» Stored items:

--------------------------------

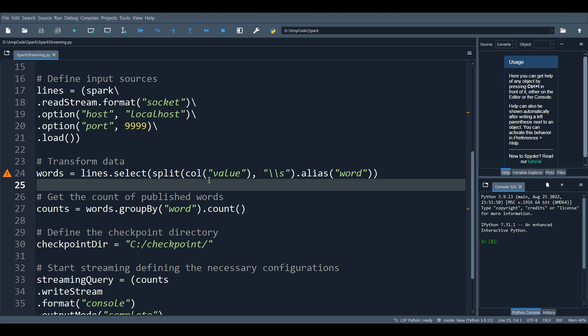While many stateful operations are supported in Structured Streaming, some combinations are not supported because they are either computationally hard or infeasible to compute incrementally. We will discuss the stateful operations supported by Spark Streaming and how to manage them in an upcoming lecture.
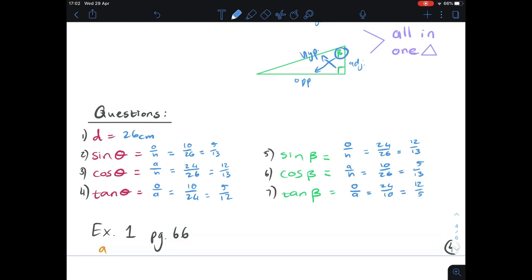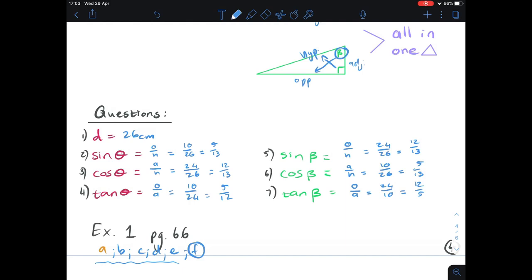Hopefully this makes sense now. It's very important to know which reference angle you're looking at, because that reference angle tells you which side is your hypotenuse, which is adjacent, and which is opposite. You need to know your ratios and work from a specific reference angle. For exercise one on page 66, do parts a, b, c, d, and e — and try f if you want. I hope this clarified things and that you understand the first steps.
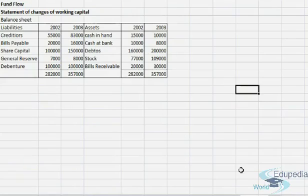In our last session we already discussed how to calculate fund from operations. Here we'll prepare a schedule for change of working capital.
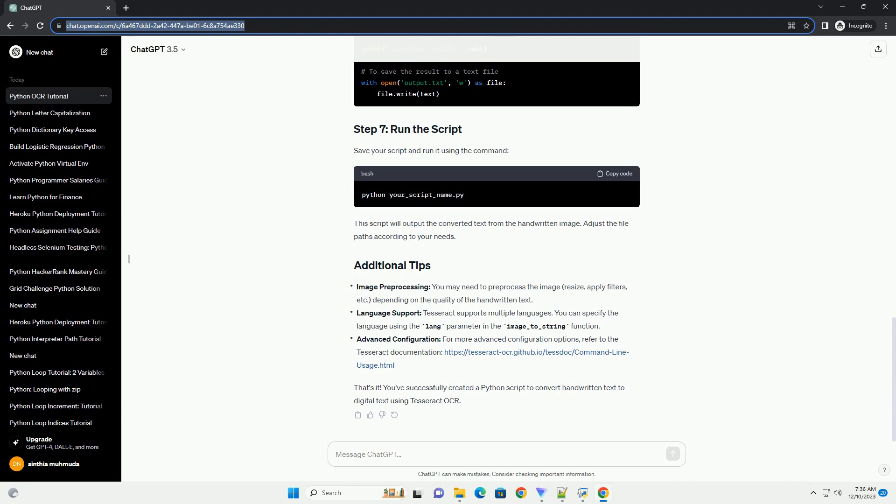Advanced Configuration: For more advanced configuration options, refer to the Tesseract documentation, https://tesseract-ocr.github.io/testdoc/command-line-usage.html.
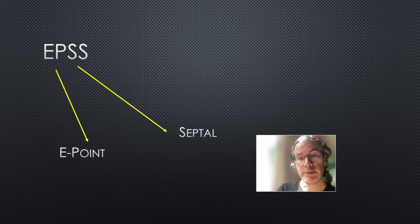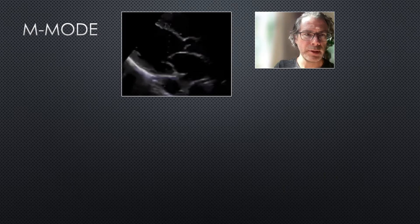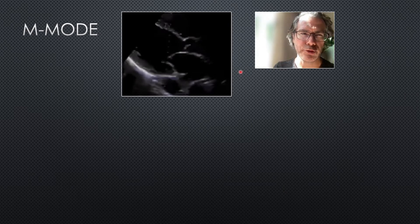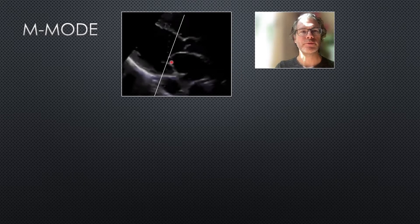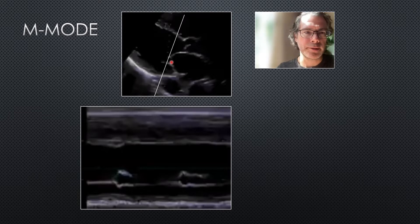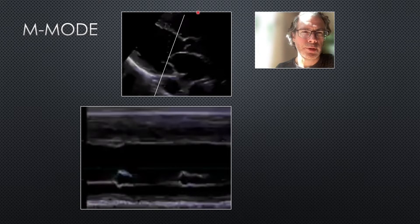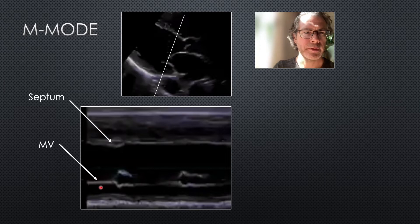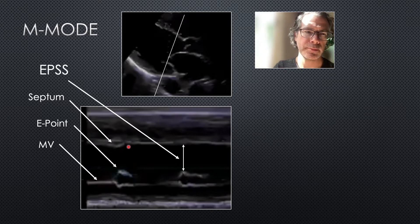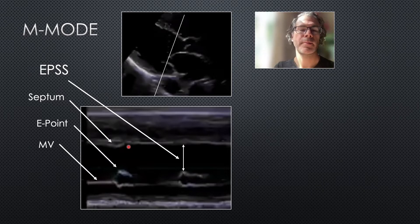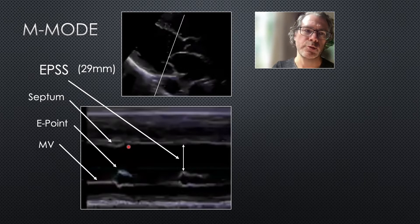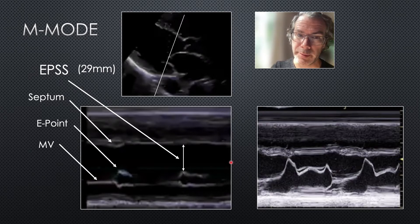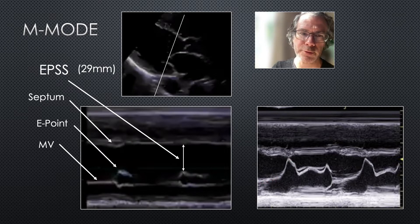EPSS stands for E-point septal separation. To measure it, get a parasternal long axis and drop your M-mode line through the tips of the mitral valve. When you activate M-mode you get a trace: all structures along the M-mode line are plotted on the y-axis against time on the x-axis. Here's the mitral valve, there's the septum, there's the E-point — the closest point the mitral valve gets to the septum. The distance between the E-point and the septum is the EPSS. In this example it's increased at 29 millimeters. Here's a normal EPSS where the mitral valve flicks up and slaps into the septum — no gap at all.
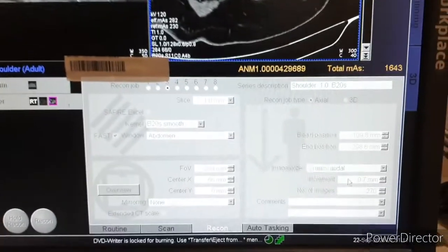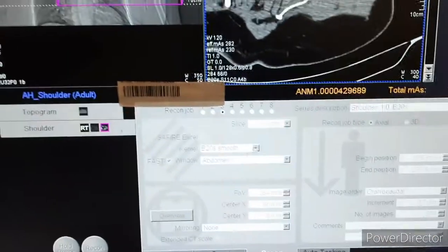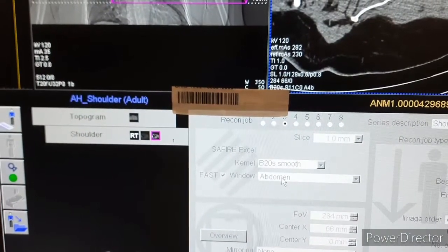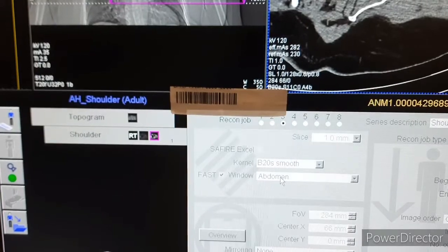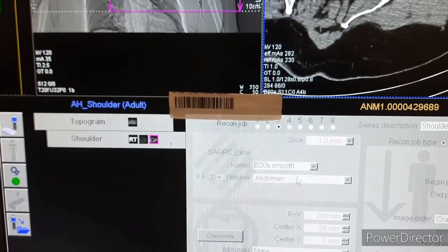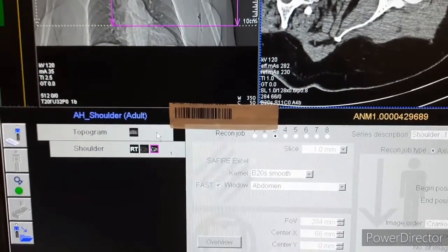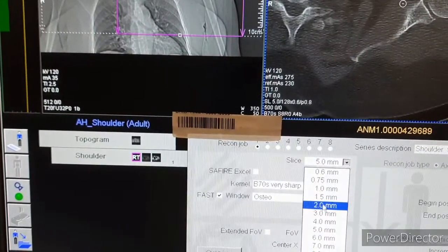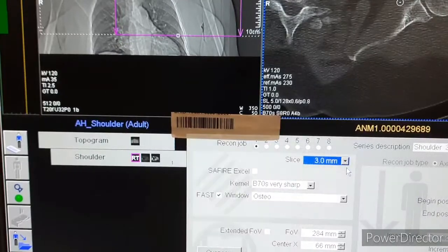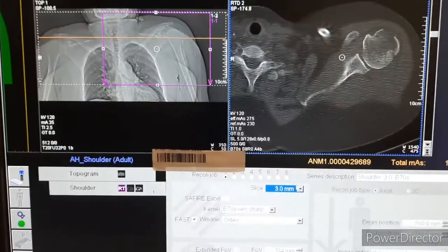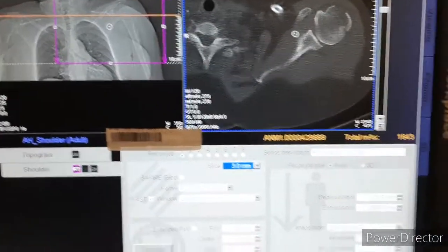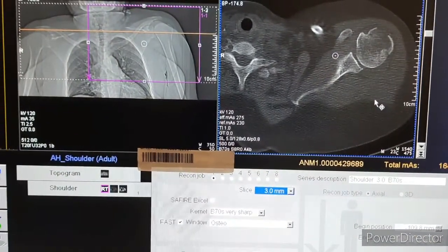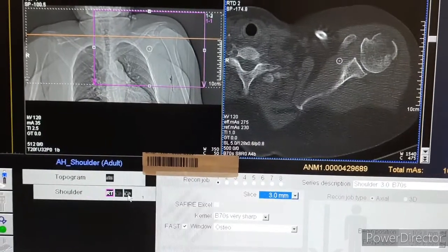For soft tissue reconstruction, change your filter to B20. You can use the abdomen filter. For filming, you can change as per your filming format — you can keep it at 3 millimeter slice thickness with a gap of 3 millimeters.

--------------------------------

» Problem:
Repeat the data word for word. Skip the pictures.

» Solution:
While many stateful operations are supported in Structured Streaming, some combinations are not supported because they are either computationally hard or infeasible to compute incrementally. We will discuss the stateful operations supported by Spark Streaming and how to manage them in an upcoming lecture.
Hopefully this makes sense now. It's very important to know which reference angle you're looking at, because that reference angle tells you which side is your hypotenuse, which is adjacent, and which is opposite. You need to know your ratios and work from a specific reference angle. For exercise one on page 66, do parts a, b, c, d, and e — and try f if you want. I hope this clarified things and that you understand the first steps.
In our last session we already discussed how to calculate fund from operations. Here we'll prepare a schedule for change of working capital.
Advanced Configuration: For more advanced configuration options, refer to the Tesseract documentation, https://tesseract-ocr.github.io/testdoc/command-line-usage.html.
EPSS stands for E-point septal separation. To measure it, get a parasternal long axis and drop your M-mode line through the tips of the mitral valve. When you activate M-mode you get a trace: all structures along the M-mode line are plotted on the y-axis against time on the x-axis. Here's the mitral valve, there's the septum, there's the E-point — the closest point the mitral valve gets to the septum. The distance between the E-point and the septum is the EPSS. In this example it's increased at 29 millimeters. Here's a normal EPSS where the mitral valve flicks up and slaps into the septum — no gap at all.
For soft tissue reconstruction, change your filter to B20. You can use the abdomen filter. For filming, you can change as per your filming format — you can keep it at 3 millimeter slice thickness with a gap of 3 millimeters.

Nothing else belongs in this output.